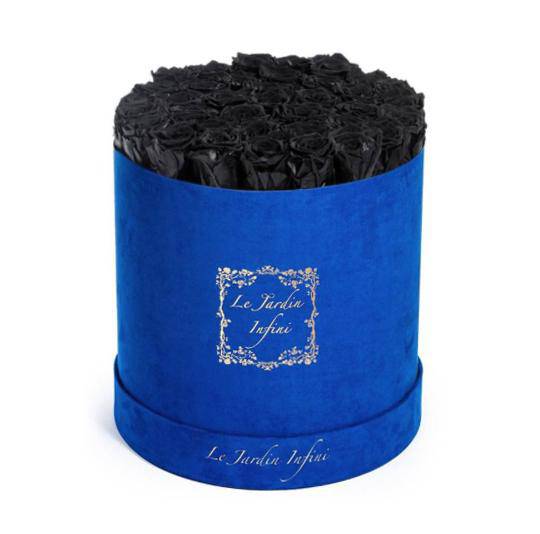 Black Preserved Roses - Large Round Luxury Blue Suede Box - Le Jardin Infini Roses in a Box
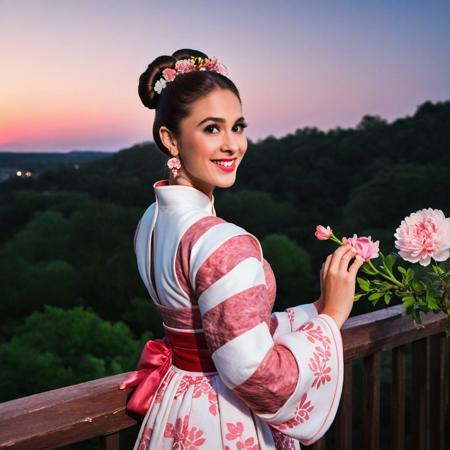 made of wagyu, a woman, asian, black hair, brown eyes, chinese clothes made of meat, meat texture, clothes made of meat, medium body shot, smiling, dress made of wagyu, earrings, meat patterns, highly detailed, photorealistic, fence, print, flower, hair bun, hair ornament, hair stick, hand up, jewelry, leaf, light skin, light smile, lipstick, long hair, long sleeves, looking at viewer, makeup, moon, night, outdoors, parted bangs, plant, railing, red lips, single hair bun, sky, sleeves past wrists, slim, solo, standing, updo, upper body, pink and white hanfu, white flower, wide sleeves,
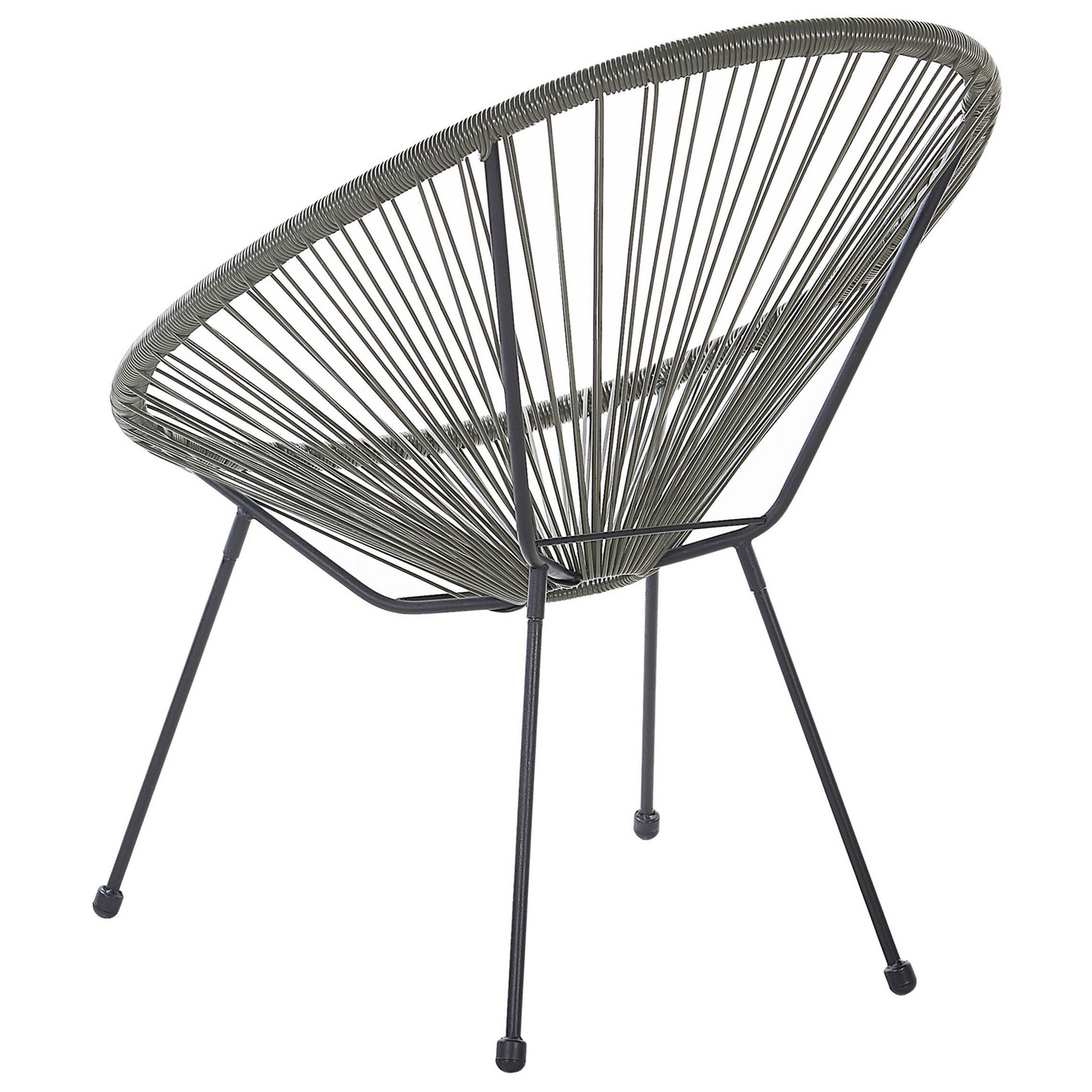 Papasan Garden Chairs Set of 2 Dark Grey PE Rattan Modern Outdoor Seats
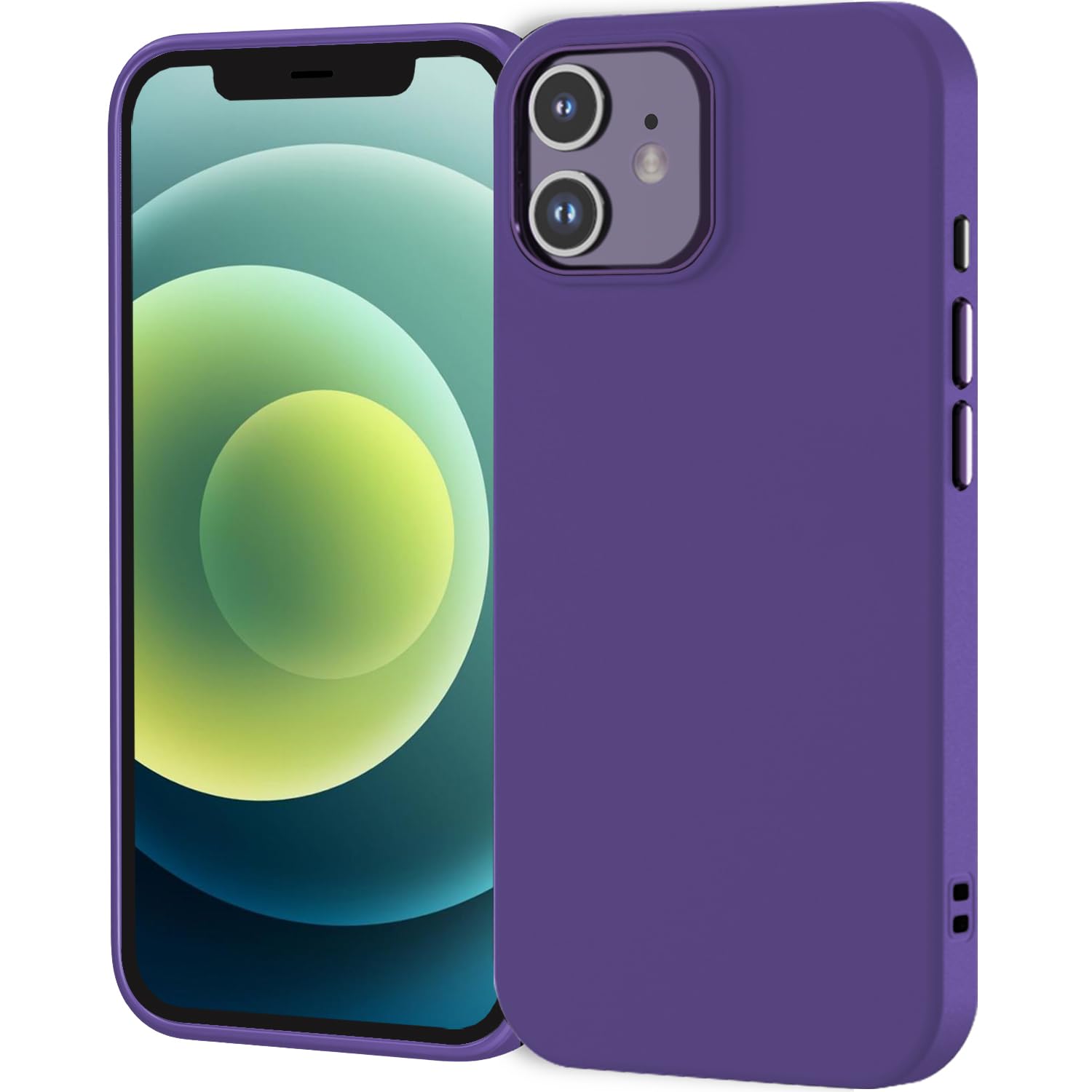 Tenoc Phone Case Compatible With Iphone 12 & Iphone 12 Pro, Purple Case Anti Fingerprint Protective Bumper Matte Cover For 6.1 I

━━━━━━━━━━━━━━━━━━━━

* [TASK ITEM]
Go from the first line of the data above to the line containing "made of wagyu, a" and retype exactly those lines, both included, but none of the pictures.

* [FINISHED TASK]
 Black Preserved Roses - Large Round Luxury Blue Suede Box - Le Jardin Infini Roses in a Box
 made of wagyu, a woman, asian, black hair, brown eyes, chinese clothes made of meat, meat texture, clothes made of meat, medium body shot, smiling, dress made of wagyu, earrings, meat patterns, highly detailed, photorealistic, fence, print, flower, hair bun, hair ornament, hair stick, hand up, jewelry, leaf, light skin, light smile, lipstick, long hair, long sleeves, looking at viewer, makeup, moon, night, outdoors, parted bangs, plant, railing, red lips, single hair bun, sky, sleeves past wrists, slim, solo, standing, updo, upper body, pink and white hanfu, white flower, wide sleeves,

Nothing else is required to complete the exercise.